- Problem requirements: Give the listing again exactly, omitting its images.

- Collected data:
=======

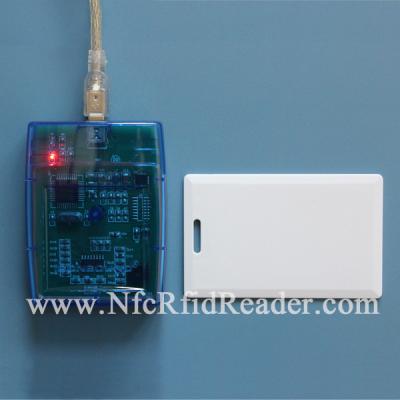 Chine lecteur ATA5577 EM4305, lecteur de 125K LF RFID de bureau de port USB à vendre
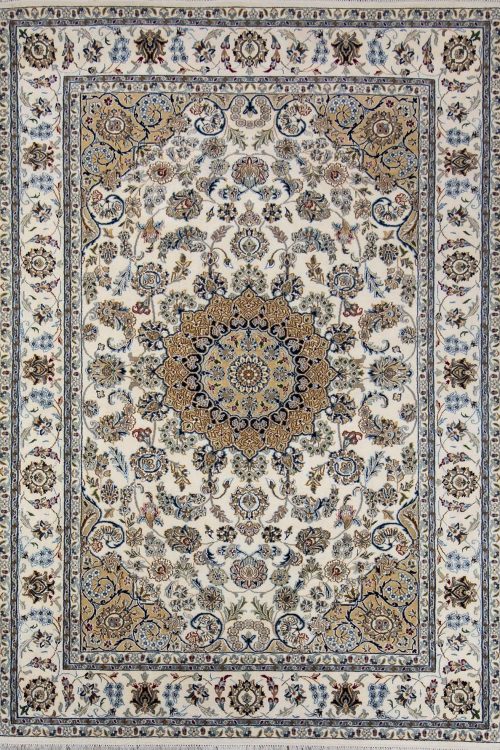 Afghan Vintage Hand Knotted Area Rug Any Room Wool Floral Floor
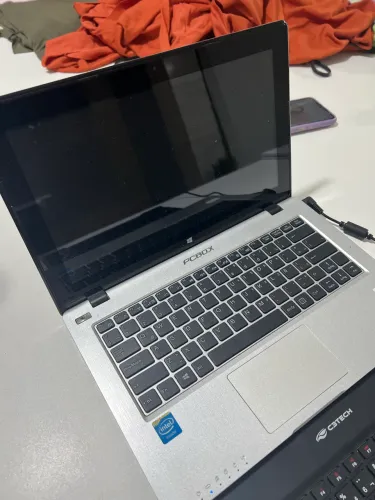 Notebook FCBOX 2 em 1 + Teclado Bluetooth C3Tech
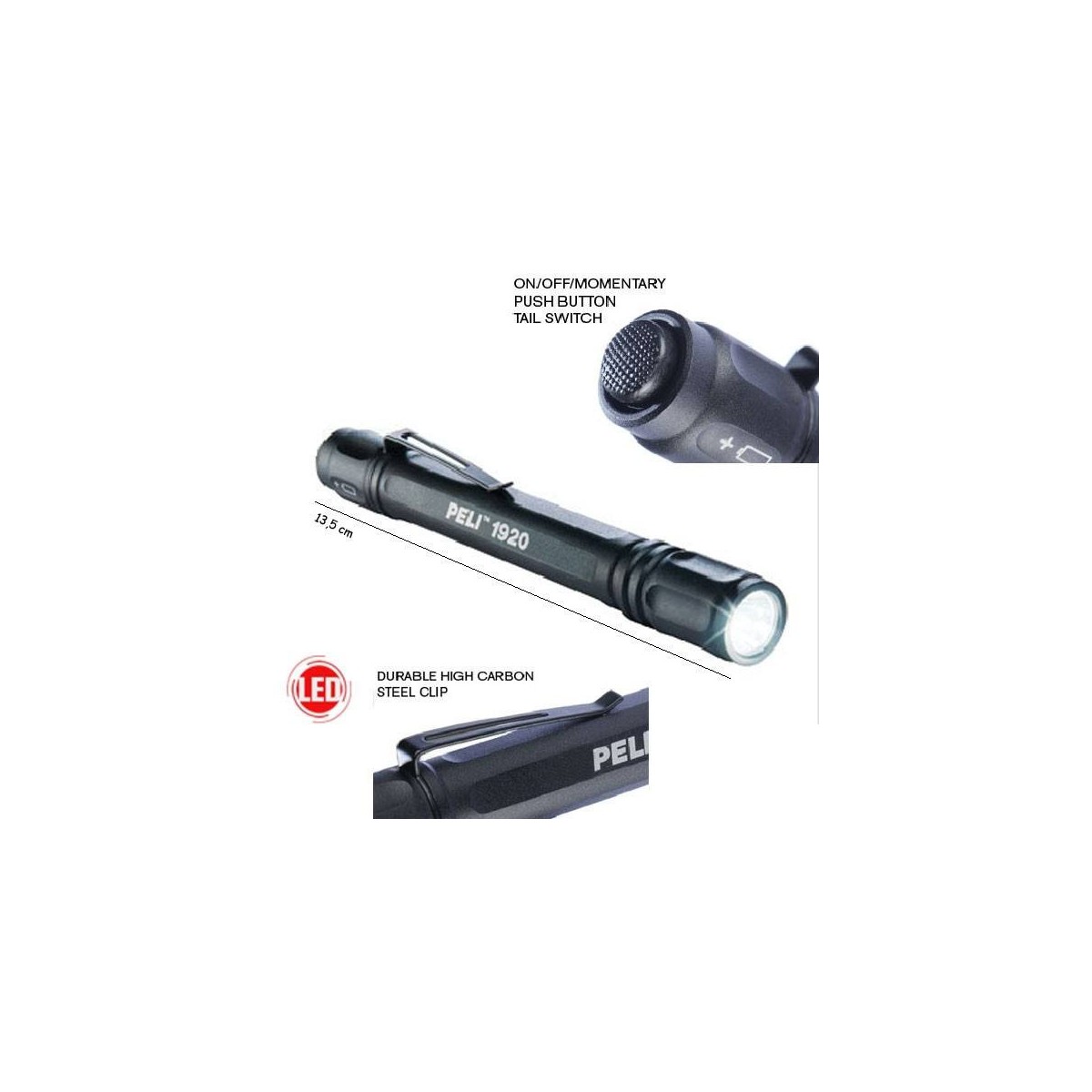 LINTERNA PERSONAL COMPACTA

=======

- Output below:
 Chine lecteur ATA5577 EM4305, lecteur de 125K LF RFID de bureau de port USB à vendre
 Afghan Vintage Hand Knotted Area Rug Any Room Wool Floral Floor
 Notebook FCBOX 2 em 1 + Teclado Bluetooth C3Tech
 LINTERNA PERSONAL COMPACTA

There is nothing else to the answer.